ACTIVITY: Type out the whole listing again exactly, pictures omitted.

[[ INFORMATION PROVIDED, beginning ]]

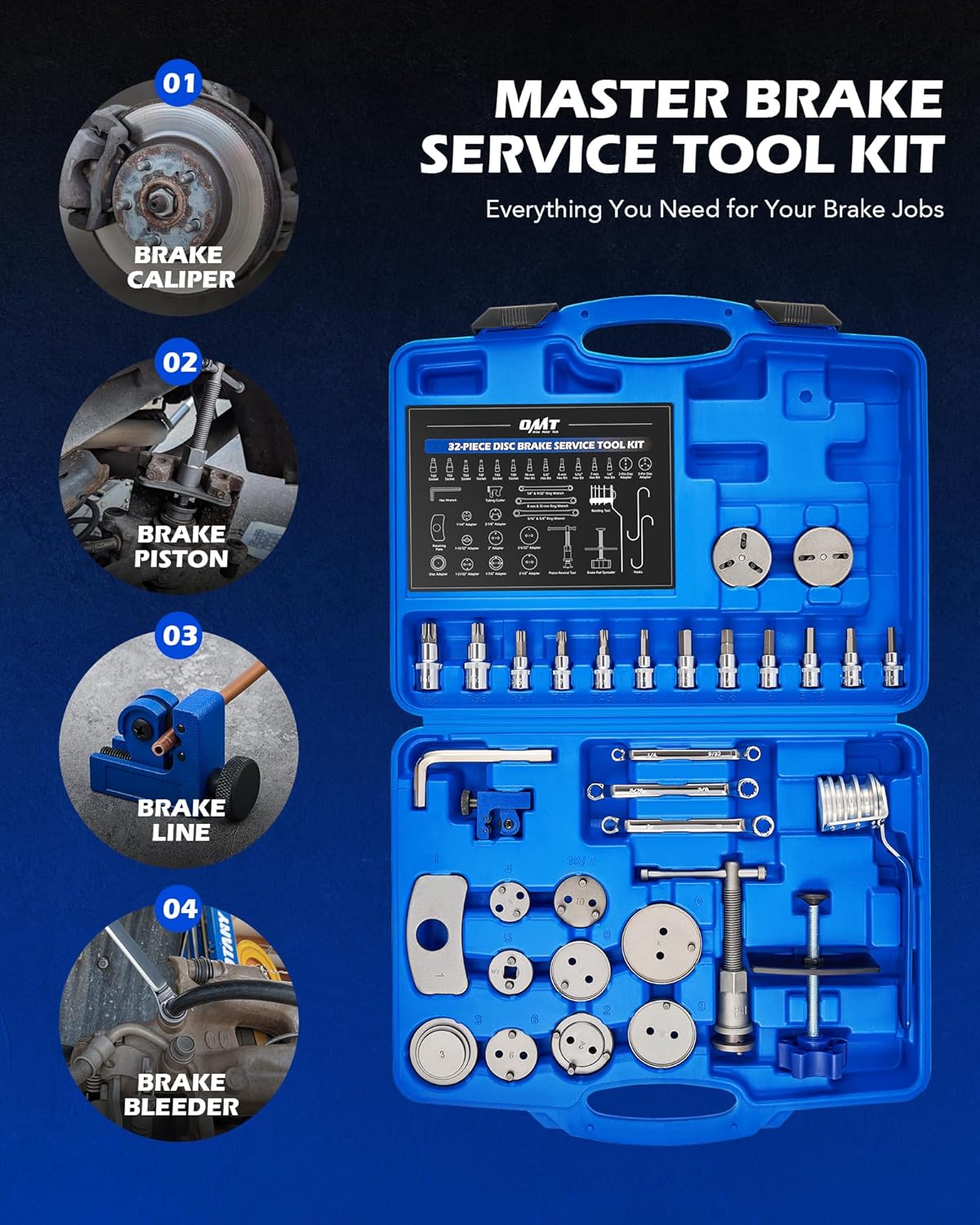 Brake Caliper Tool Set, 34pc with 11 Adapters & Swivel Pad Spreader, Piston Compressor & Line Cutter Bender United States
Brake Caliper Tool Set, 34pc with 11 Adapters & Swivel Pad Spreader, Piston Compressor & Line Cutter Bender United States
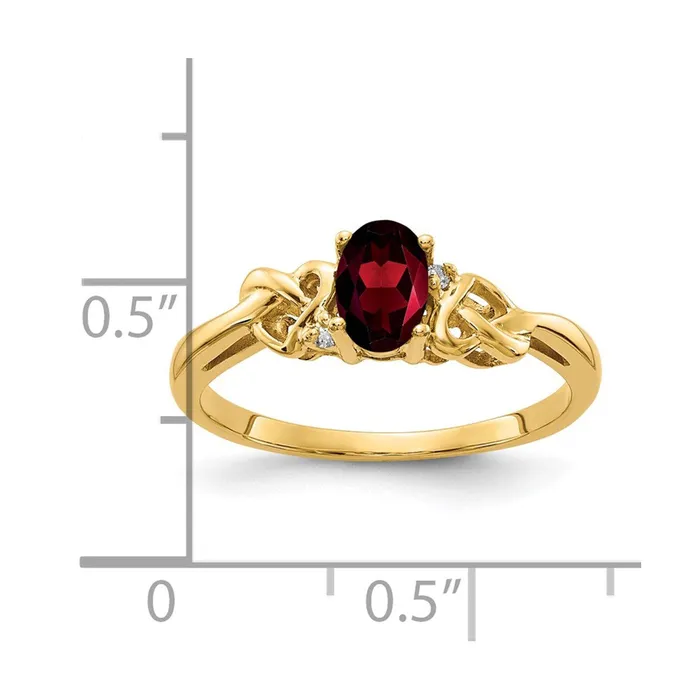 Goldia Rings 14K Yellow Gold 6x4mm Oval Garnet A Real Diamond ring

[[ INFORMATION PROVIDED, end ]]

ANSWER BOX:
 Brake Caliper Tool Set, 34pc with 11 Adapters & Swivel Pad Spreader, Piston Compressor & Line Cutter Bender United States
Brake Caliper Tool Set, 34pc with 11 Adapters & Swivel Pad Spreader, Piston Compressor & Line Cutter Bender United States
 Goldia Rings 14K Yellow Gold 6x4mm Oval Garnet A Real Diamond ring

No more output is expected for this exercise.